PENSA focuses on exploratory analysis and comparison of protein structural ensembles such as those from molecular dynamics simulations. Users can compare two conditions via the relative entropy of their features and visualize deviations on a reference structure. It also implements principal component analysis (PCs) and clustering across several ensembles and allows writing out the resulting principal components and clusters as trajectories. This method can speed up the discovery of molecular mechanisms that usually take many person-hours to identify.
ATOM3D
Benchmark suite for machine learning on three-dimensional molecular structure.
(developed at Stanford University with Raphael Townshend, Patricia Suriana, Alexander Derry and others)
We assembled eight datasets specifically designed to provide a benchmark for machine learning methods which operate on 3D molecular structure, and represent a variety of important structural, functional, and engineering tasks.
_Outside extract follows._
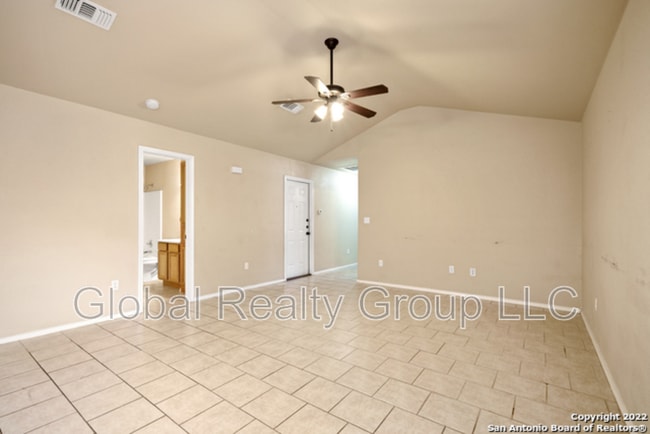 Building Photo - 280 Rosalie Dr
All datasets are provided in a standardized format along with corresponding processing code and dataloaders for common machine learning frameworks (PyTorch and TensorFlow). ATOM3D is designed to be a living database, where datasets are updated and tasks are added as the field progresses.
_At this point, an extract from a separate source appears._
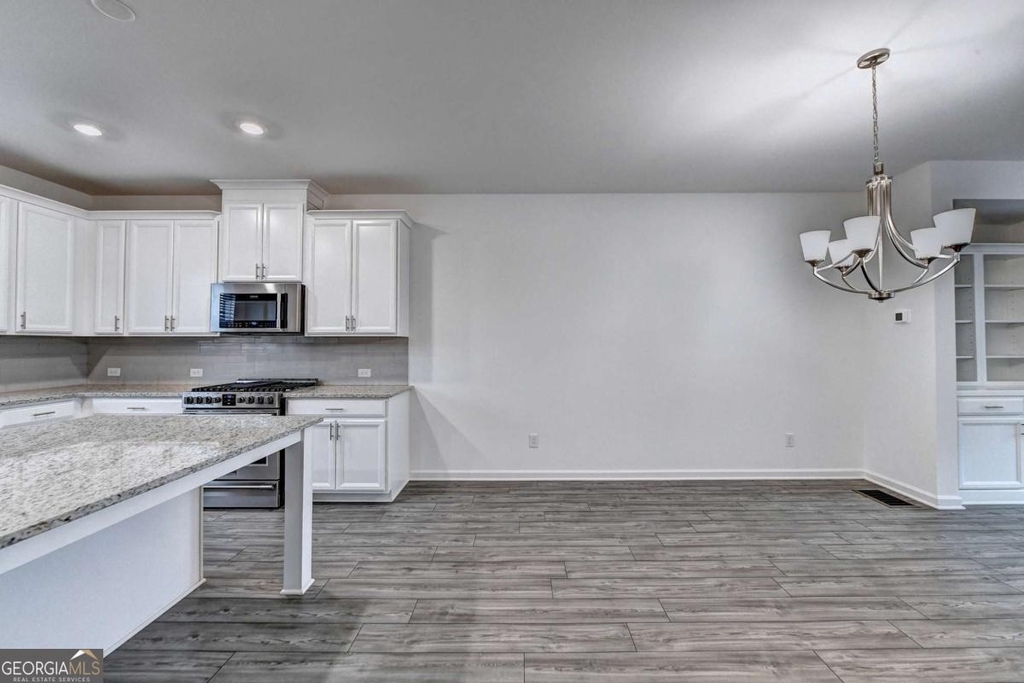 477 Danville Avenue - Photo 18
Check it out on atom3d.ai or on its GitHub page.
Binless WHAM
Implementation of the binless weighted histogram analysis method for statistical reweighting of biased simulations.
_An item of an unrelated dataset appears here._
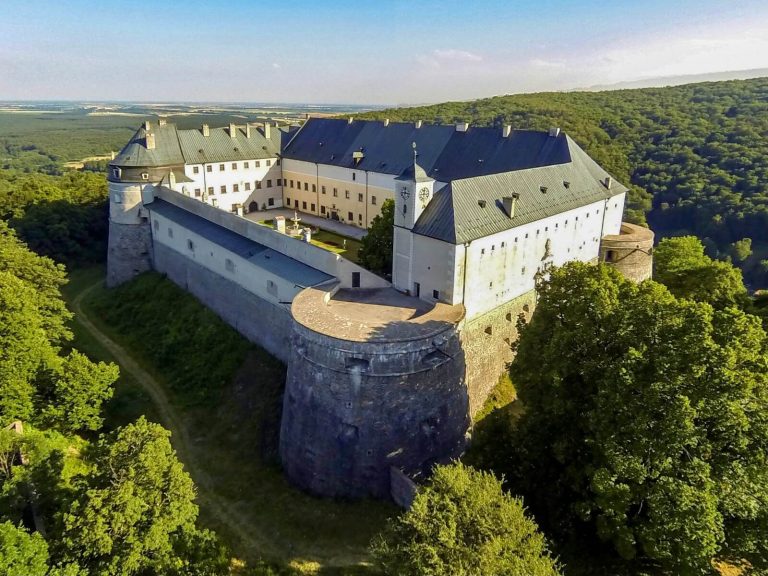 top 10 Slovakia, red stone castle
(developed at the Max Planck Institute of Biophysics with Alfredo Jost-López, Lukas Stelzl and Gerhard Hummer)
MemDiff
Corrections for diffusion coefficients from membrane simulations.
(developed at the Max Planck Institute of Biophysics)
Lateral diffusion cefficients in membrane simulations with periodic boundary conditions are subject to substantial hydrodynamic finite-size effects. MemDiff is an implementation of the correction formulas to obtain the unperturbed value from the values calculated in the simulation.